* **PROBLEM TO SOLVE**:
In the listing below, find the line with "Lined Notebook: Mini Penco Mint" and copy every line from there up to and including the line with "Healter 850ml Travel", exactly and without pictures.

* **GIVEN RECORDS**:
——————————

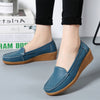 Women FlatsSpring Summer Shoes Women Heels 4.3CM Genuine Leather Chaussures Femme Casual Women Loafers Ballet Flat Shoes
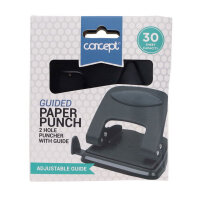 CONCEPT GUIDED 2 HOLE PAPER PUNCH - 30 SHEETS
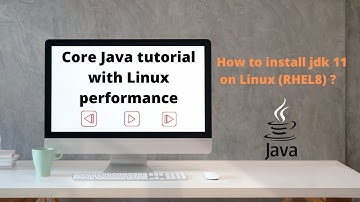 How to install jdk 11 on Linux (RHEL8) ?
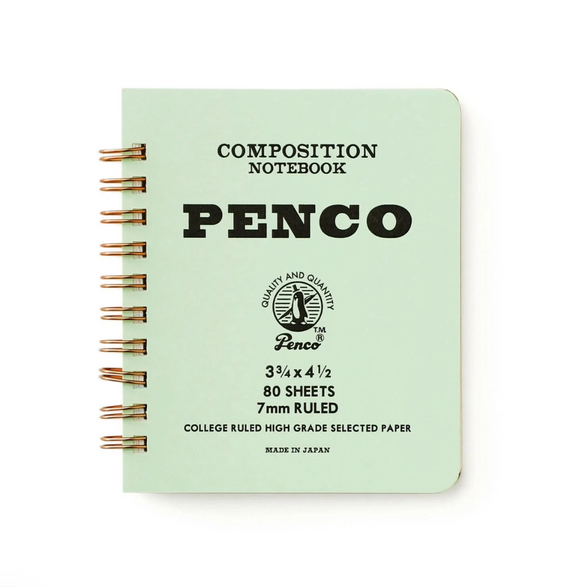 Lined Notebook: Mini Penco Mint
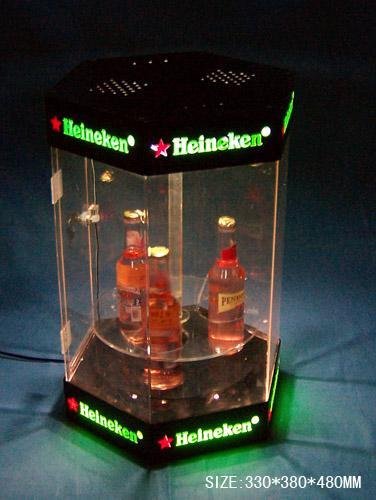 drink display lightbox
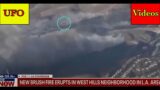 Large UAP Seen Zooming Over LA Fire During Live Fox News Broadcast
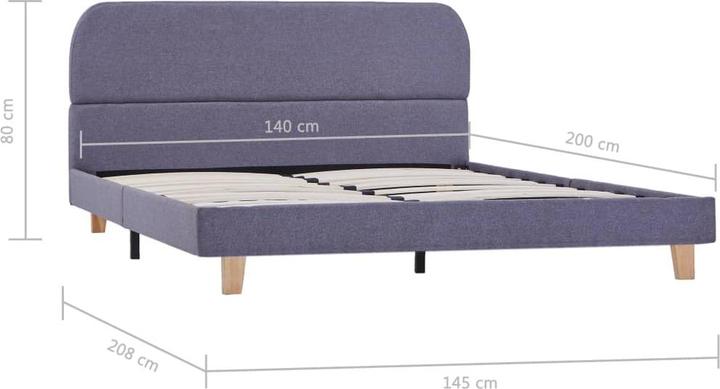 Produktbild vidaXL Bettgestell (140 x 200 cm)
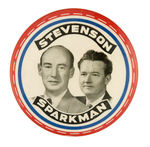 GRAPHIC "STEVENSON SPARKMAN" 3.5" 1952 JUGATE.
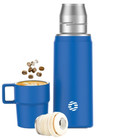 Healter 850ml Travel Vacuum Flask, Water Bottle for Coffee, Built-in Lid Cup, FJ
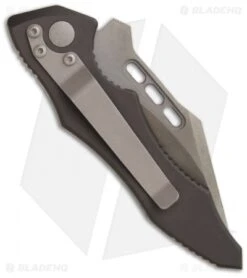 Vintage Microtech Vector Automatic Knife (3.1" Black Serr) 05/2002 5 Vintage Microtech Vector Automatic Knife (3.1" Black Serr) 05/2002 -Knife Sale Shop microtech vector auto black serr 300109 2393 back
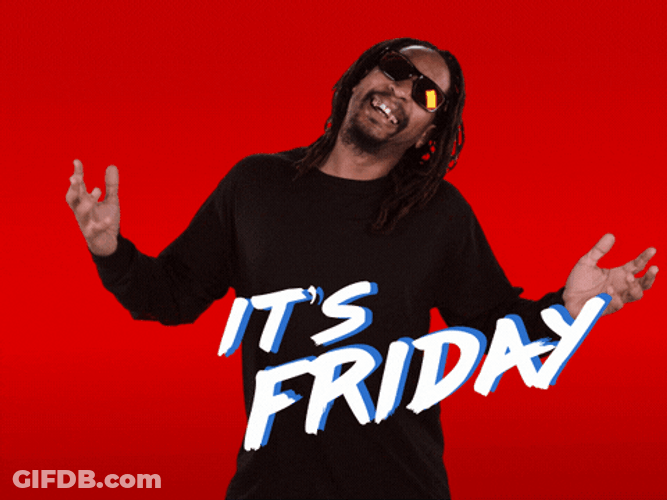Good Morning It's Friday Happy Dance Lil Jon GIF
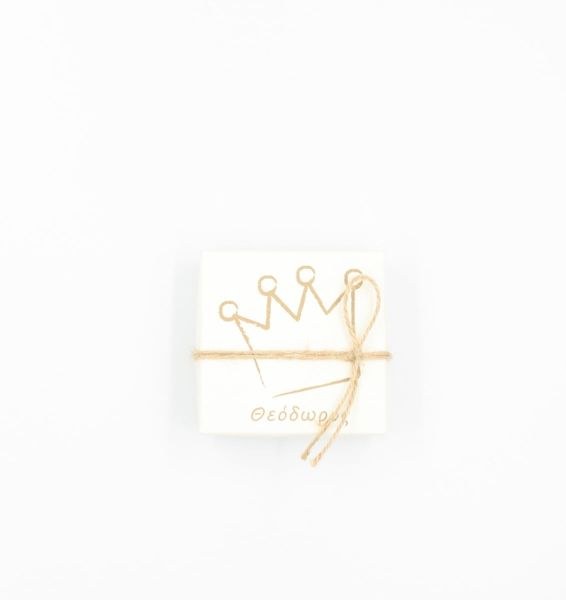 bbbbbbbbbbΜπομπονιέρα Βάπτισης Κουτί κορώνα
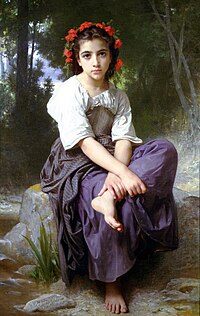 William-Adolphe Bouguereau (1825-1905) - At the Edge of the Brook (1875).jpg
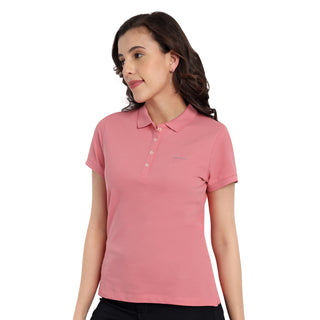 Women Strawberry Comfort Cotton Polo T-Shirt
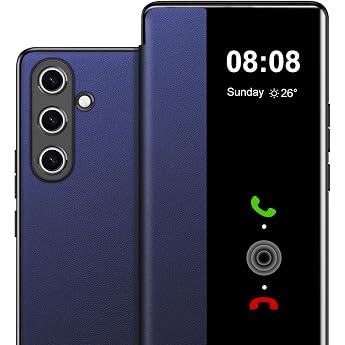 Mobile Phone Case for Samsung Galaxy A34 Case S View Clear View Flip Leather for Samsung A34 5 G Case Luxury Extra Thin Shockproof Scratch-Resistant Protective Cover Case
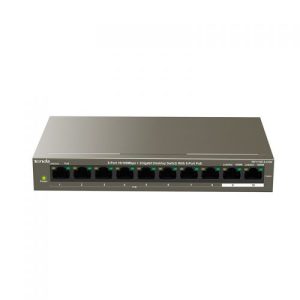 سوییچ ۱۰ پورت PoE مدل TEF1110P-8-102W تندا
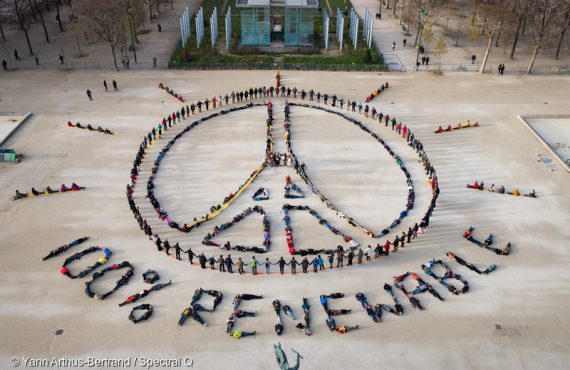 Eiffel Tower Human Aerial Art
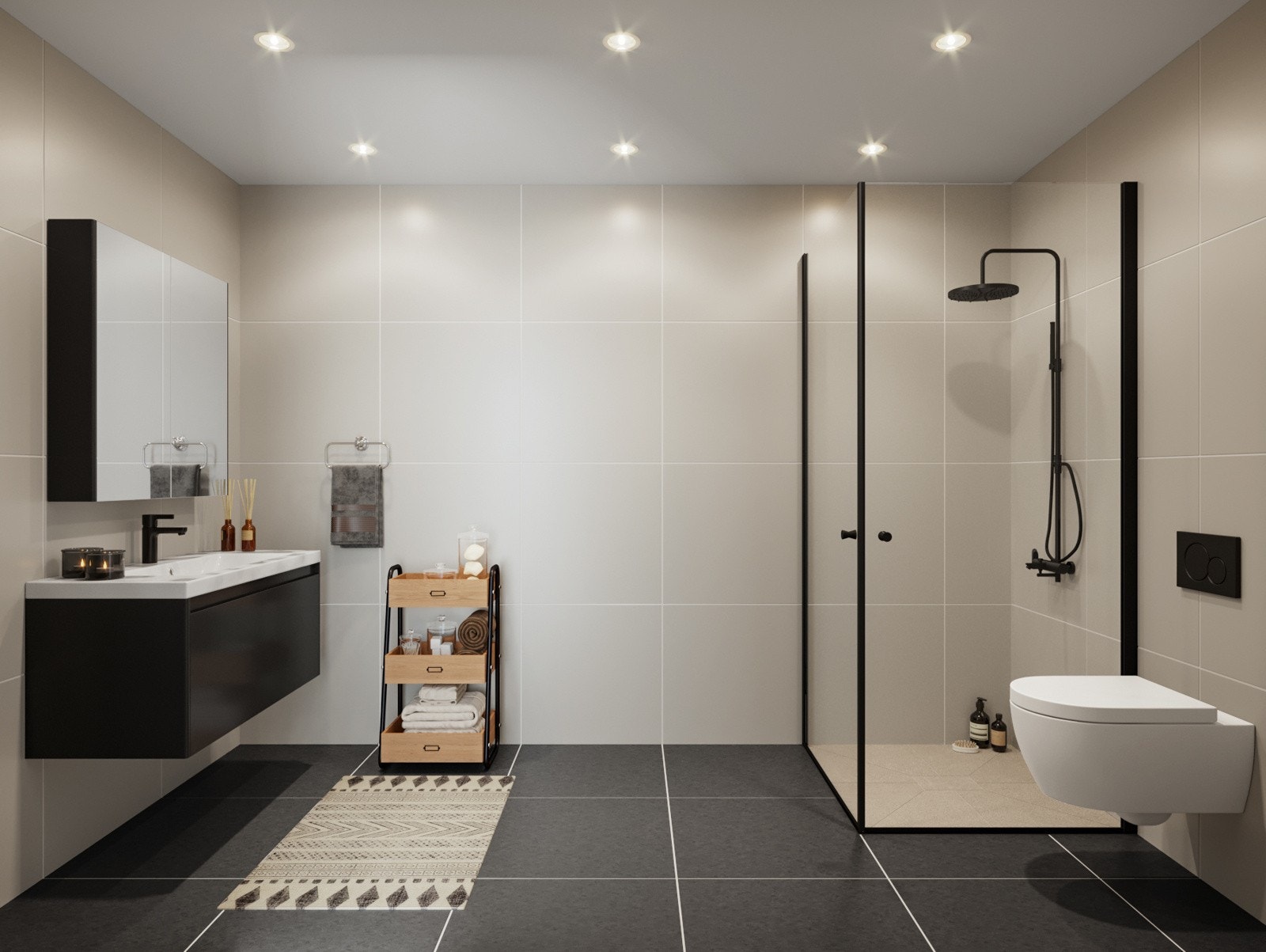 Baderom. Illustrasjon - avvik vil forekomme. Galleribilde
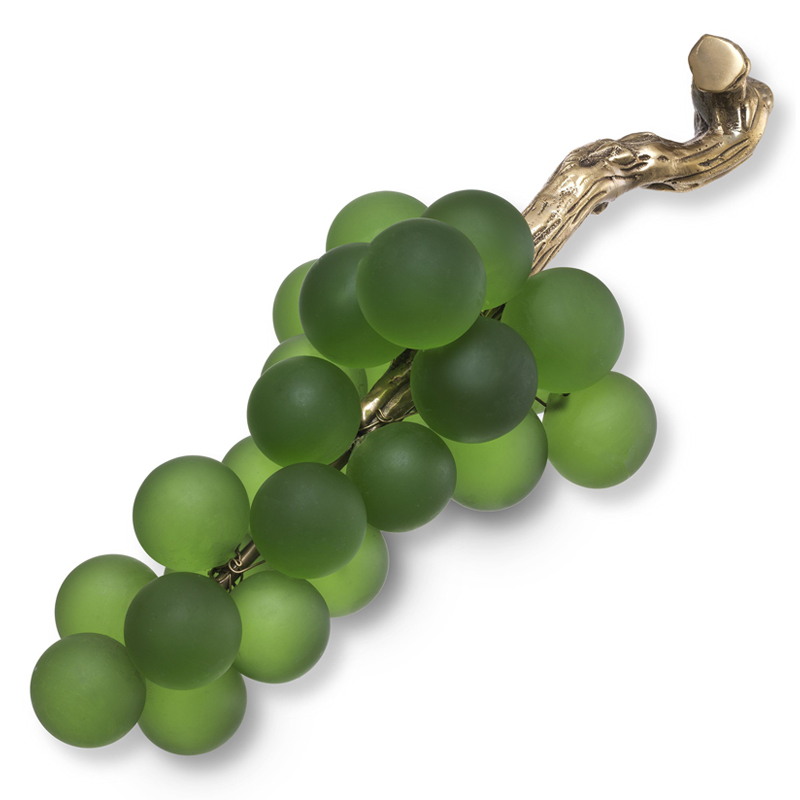 Аксессуар Eichholtz Object french grapes Green Зеленый Винтажная латунь Аксессуар Eichholtz Object french grapes Green Зеленый Винтажная латунь в Липецке | Loft Concept
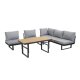 greemotion Lounge-Set San Jose, Schwarz/Grau - B-Ware neuwertig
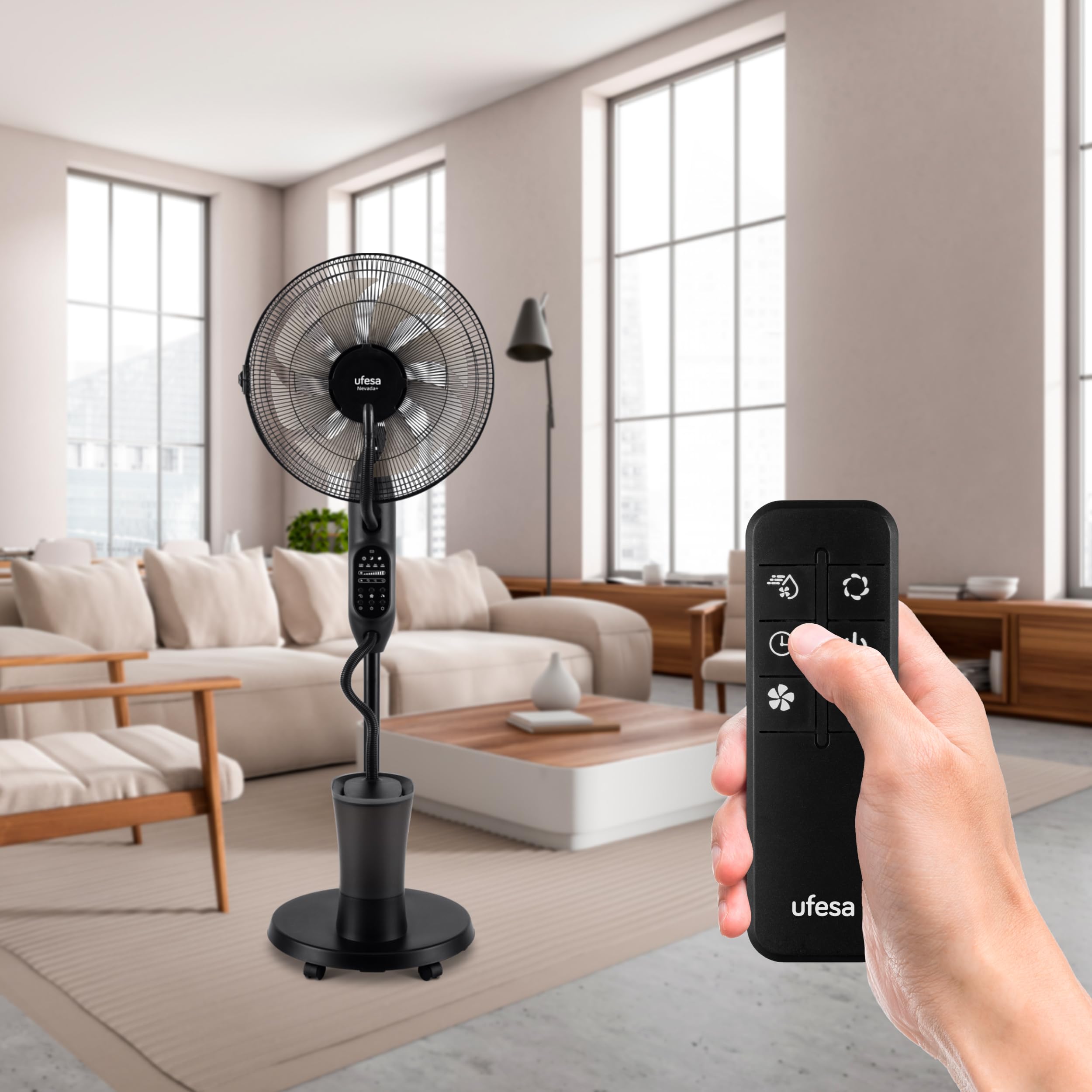 Ufesa Mist Fan VNDC ventilatore nebulizzatore 40 cm 60 W 9 velocita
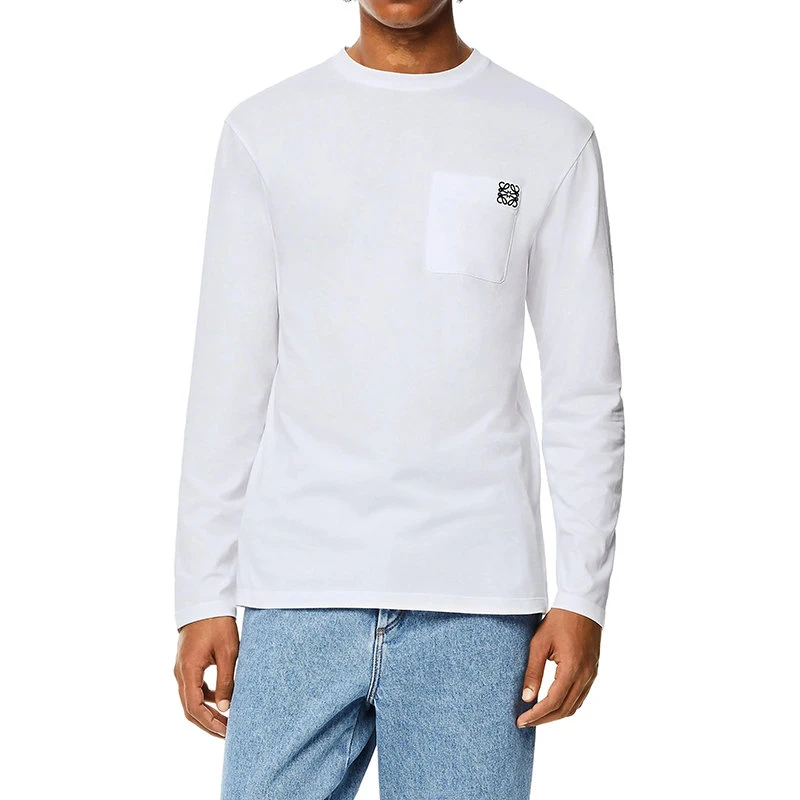 商品Loewe|【预售3-7天】罗意威 22年秋冬新款 男士白色纯棉Anagram Logo刺绣T恤H526Y24J04-2100,价格¥3056,第1张图片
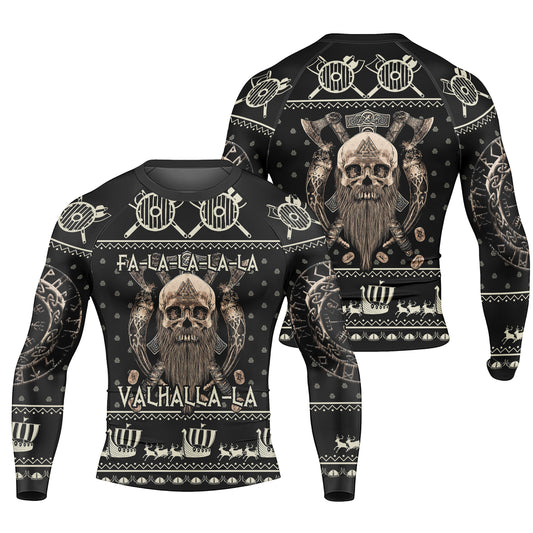 Valhalla Falalala Men's Long Sleeve Rash Guard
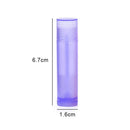 10pcs Purple Lipstick Empty Tube Wax Tube Lipstick DIY Lipstick Tube Cosmetic W5
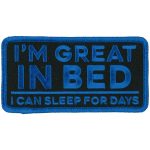 Hot Leathers I’m Great In Bed 4″ X 2″ Patch PPL9988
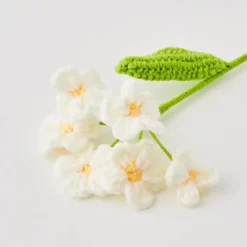 GigiandTom Daisy Hand Knitted Crochet Flower White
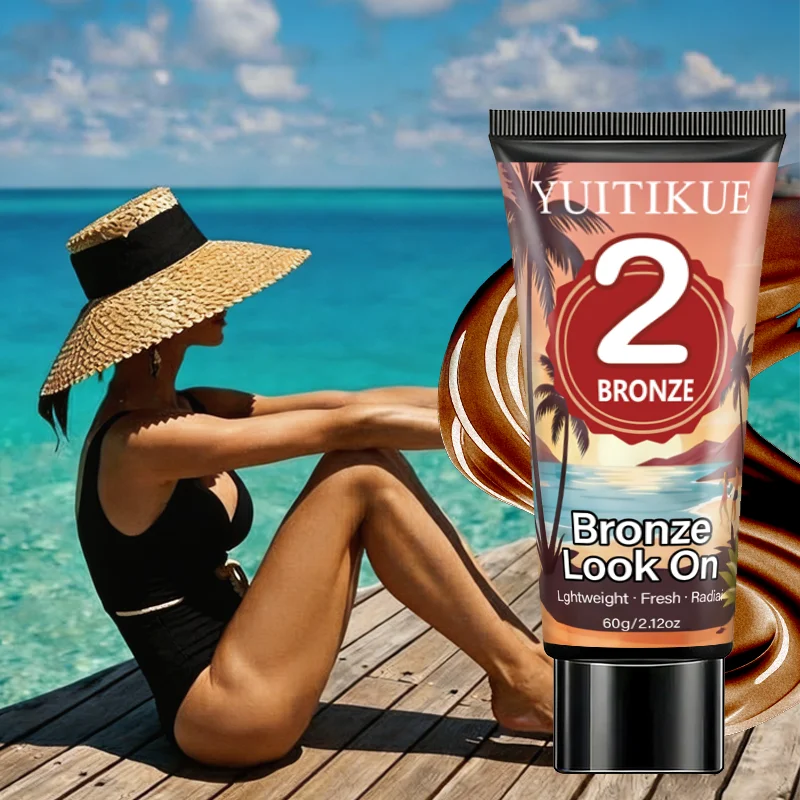 YUITIKUE 2 Bronze Self Tanning Lotion 60g Lightweight, Fresh Formula for Natural Radiant Bronze Skin Peaceful Pleasures Health and Wellness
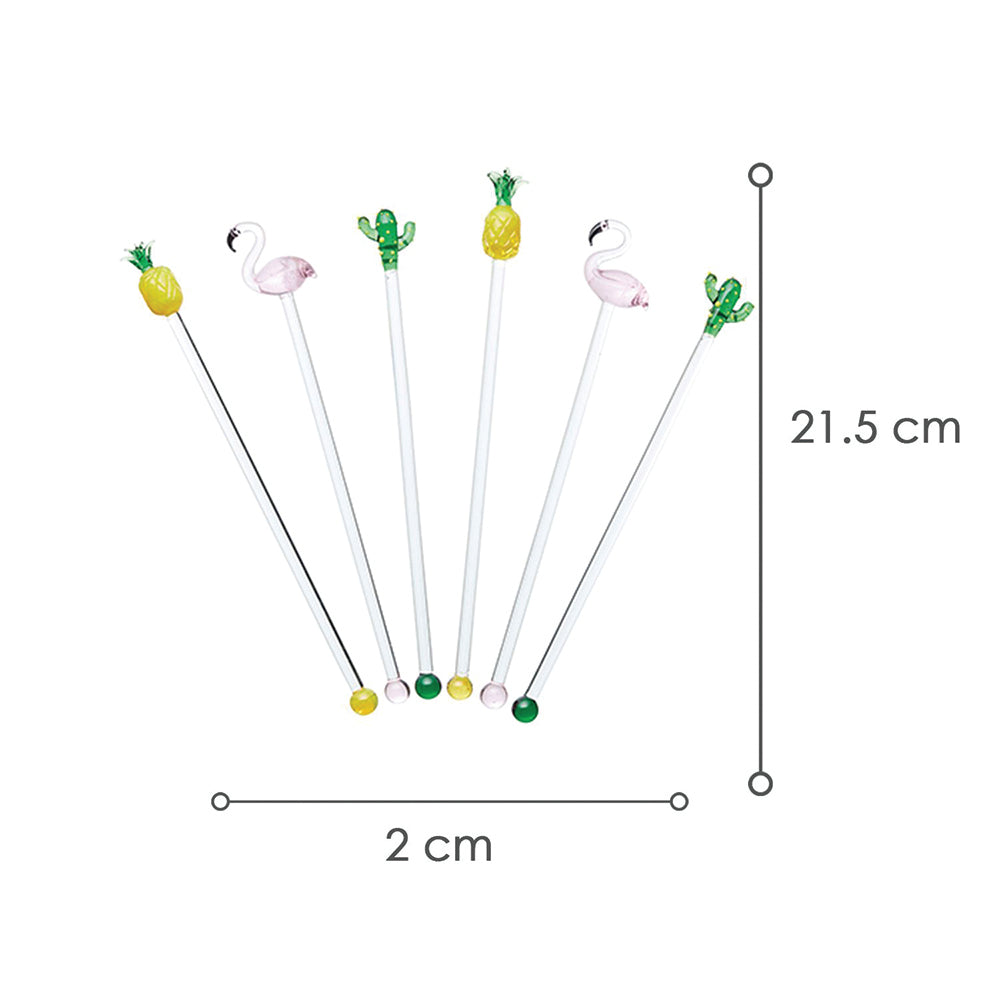 Tropical Glass Stirrers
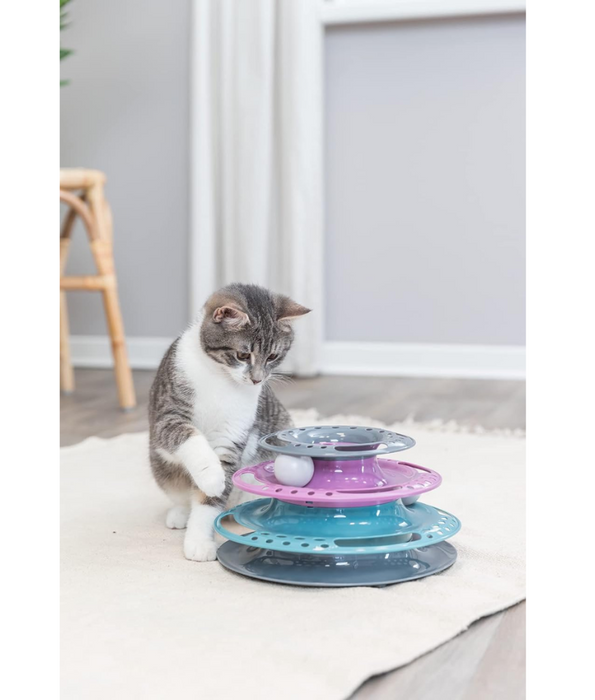 Trixie - Catch The Balls Cat Toy - Three Levels 25 × 13 cm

——————————

* **EXERCISE SOLUTION**:
 Lined Notebook: Mini Penco Mint
 drink display lightbox
 Large UAP Seen Zooming Over LA Fire During Live Fox News Broadcast
 Produktbild vidaXL Bettgestell (140 x 200 cm)
 GRAPHIC "STEVENSON SPARKMAN" 3.5" 1952 JUGATE.
 Healter 850ml Travel Vacuum Flask, Water Bottle for Coffee, Built-in Lid Cup, FJ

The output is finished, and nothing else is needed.